On a un temps agité la possibilité d’un déconfinement différencié : des règles plus souples pour la population jeune et des règles plus strictes pour la population des plus âgés. Cette option semble avoir été abandonnée pour des raisons politiques : n’est-elle pas « discriminatoire » ?

Par Maël Lemoine

MaelLemoine

N’est pas vieux qui veut !

60 ans, 65 ans, 70 ans ou 80 ans : à quel âge est-on « vieux » ? Beaucoup d’entre nous sympathisaient, voici trois semaines, avec le témoignage de telle dame scandalisée qu’on la catégorise ainsi, tandis que d’autres fustigeaient l’irresponsabilité des sexagénaires (et plus) qui sortaient tous les jours, sans masque, au nom de leurs petites habitudes, alors que tous les autres se confinaient pour parer aux risques qu’ils courent davantage.

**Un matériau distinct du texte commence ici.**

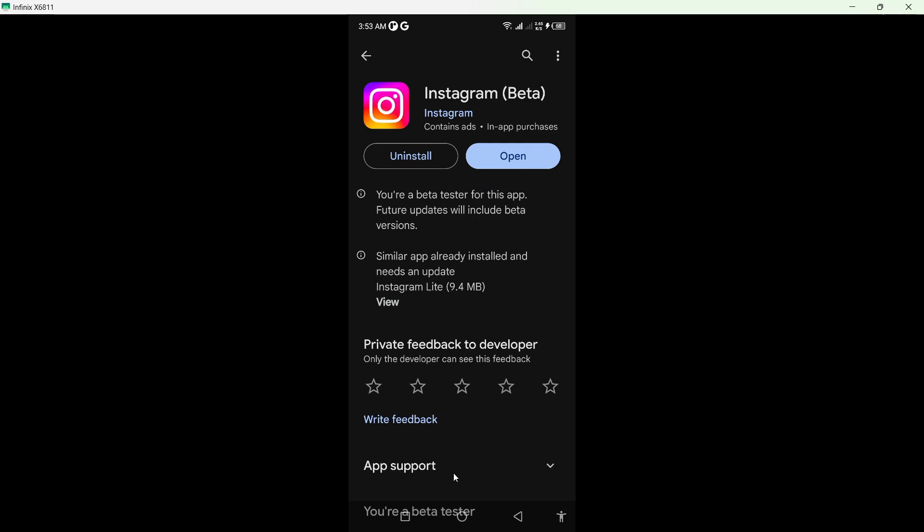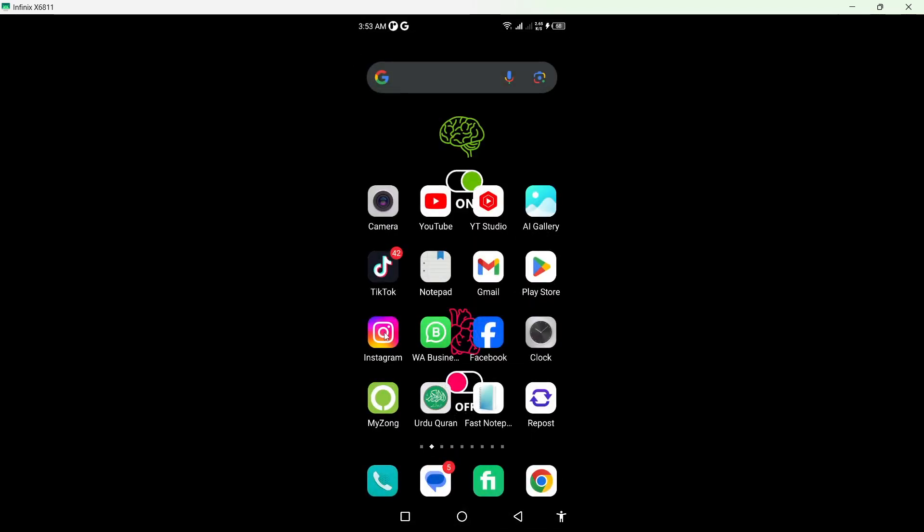Once you've done that, you simply need to go back and you need to open your Instagram application.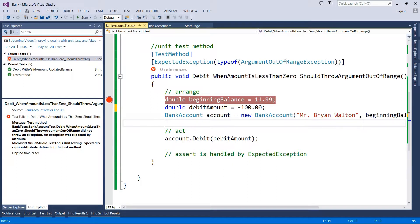Regarding testing private methods: most people only test public methods. To test internal methods, you can use the InternalsVisibleTo attribute in assembly info at the assembly level, giving it the assembly name — then the compiler allows access to that internal method. Private methods are in theory supporting something else and being tested as a side effect of testing that public method. It's best to test your publics and make sure you have coverage so your privates are all getting hit.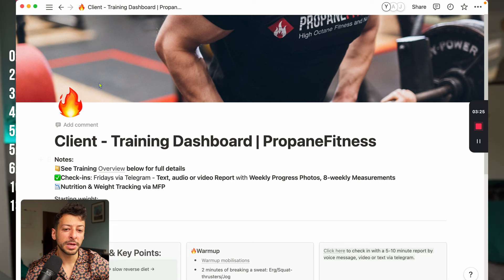Welcome, here is how to use Notion to coach your online personal training clients. I'm going to show you how to set up and use Notion as the best client management system that you'll ever use.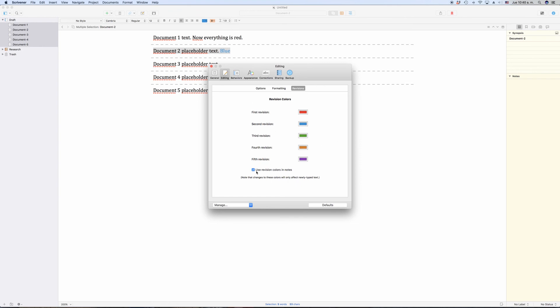All the way at the bottom, you can customize all kinds of colors, including revision colors. You can choose up to five. I would have liked more than five, but I still think this is a very useful feature to track your changes.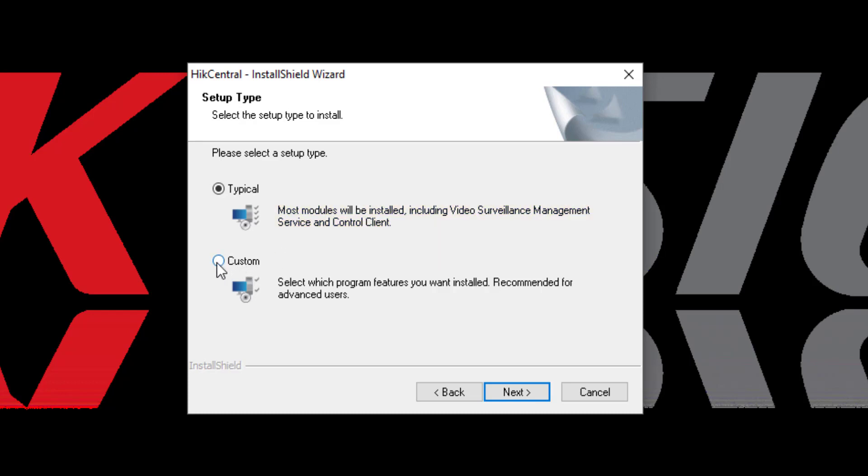Under Custom, you get to select which program features you want to install. This would be recommended for more advanced users, but let's go ahead and take a look at what the options are under Custom.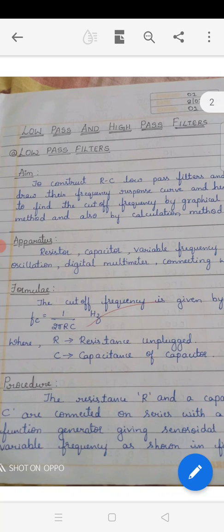The formula used for this experiment is Fc equals 1 by 2 pi RC, which gives the cutoff frequency. Fc means cutoff frequency, R is the resistance used in this experiment, and C is the capacitance of the capacitor. You are well known about resistance from last semester frequency of AC and other experiments.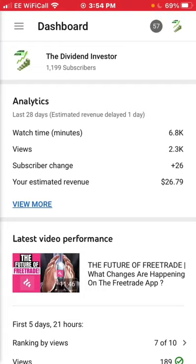Hi everyone, welcome back to another video. In today's video I'll be going over how much passive income I've received from YouTube for the month of September 2020 in ad revenue.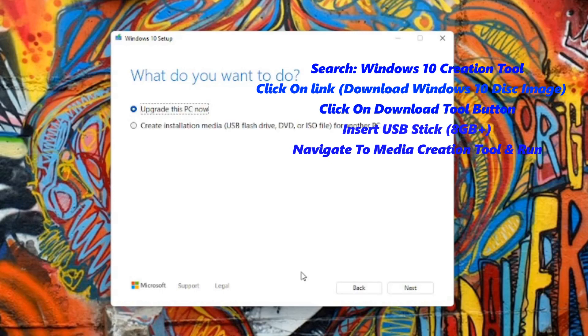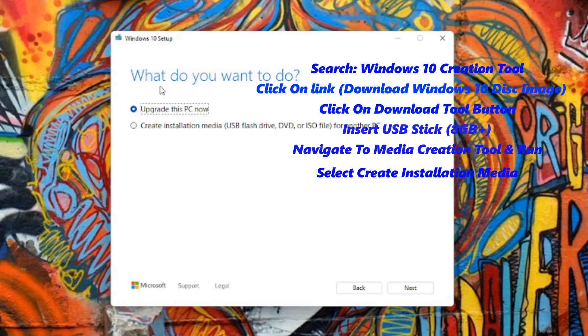Now that the Installation window is open, it will ask you what you would like to do. From here, select Create Installation Media.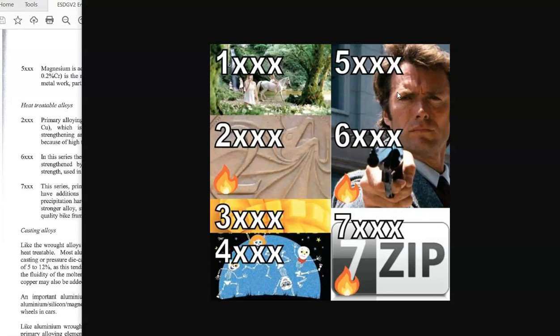To remember the 6000 series, I tell the Dirty Harry story: he's eating a sandwich when he sees a bank robber, wounds him, and the guy is on the ground with a shotgun. Harry says 'Did I fire five shots or six? You've got to ask yourself — do you feel lucky, punk?' If he fired five shots he's still safe; if he fired six, that's silly because the gun is empty. So five is safe, six is silly — both have magnesium, but six is silly.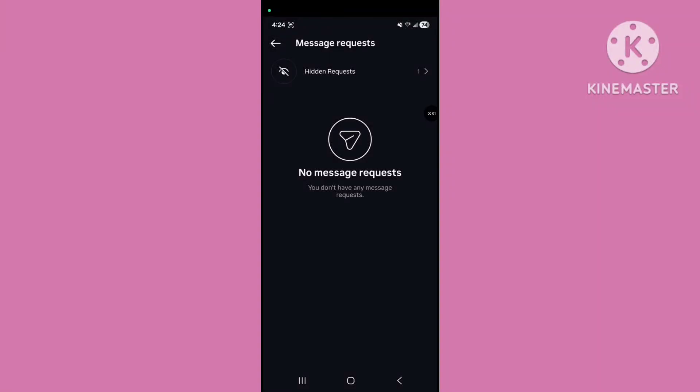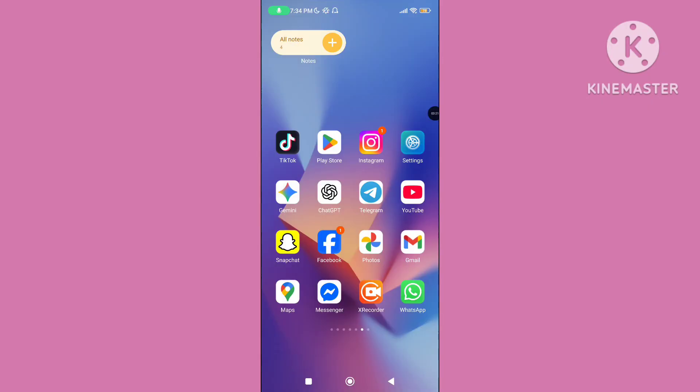Hello viewers. In this video I will show you how to fix the Instagram message request not showing problem, or no message request not showing problem in Instagram. If you want to solve this problem, please follow the steps.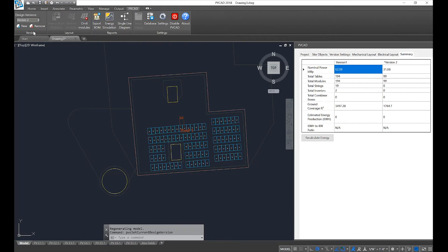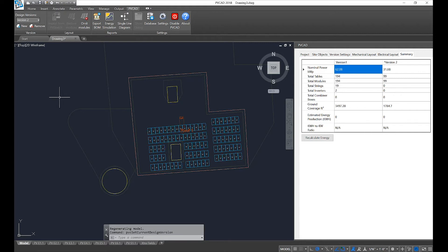In PVCAD, one of the features you can use is our version settings. If you decide that you want to change your equipment or tweak a layout without having to start over, you can actually compare your different versions directly in one DWG file in PVCAD.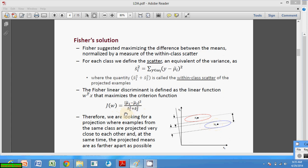Here we can see the difference between PCA and LDA. PCA is good for representing a dataset but it is not very good for classification purposes. LDA uses separability information and is therefore good for classification purposes.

« Vieux » est assurément ce que les sociologues appellent un stéréotype, à savoir, une croyance portant sur un groupe d’individus auquel on n’estime pas appartenir soi-même. Les « vieux » sont « irresponsables », « égoïstes », « vulnérables », « stigmatisés », etc. Comme tel, ce terme charrie essentiellement des valeurs, porte un jugement. Cette dame avait donc raison de rejeter le terme… sauf si c’était pour le rejeter sur d’autres qu’elle-même. On peut voir de ses yeux des individus plus âgés bavarder devant une boulangerie, mais c’est un stéréotype de conclure que « les vieux sont irresponsables ».

Sous le stéréotype, pourtant, il existe des faits – démographiques et biologiques. On ne peut les invoquer pour justifier le stéréotype. Mais c’est sur eux, et non sur le simple rejet d’un stéréotype, qu’on doit fonder une politique rationnelle. Condamner les clichés sur les vieux ne doit pas justifier qu’on abandonne une politique de déconfinement différencié sous prétexte qu’il serait discriminatoire.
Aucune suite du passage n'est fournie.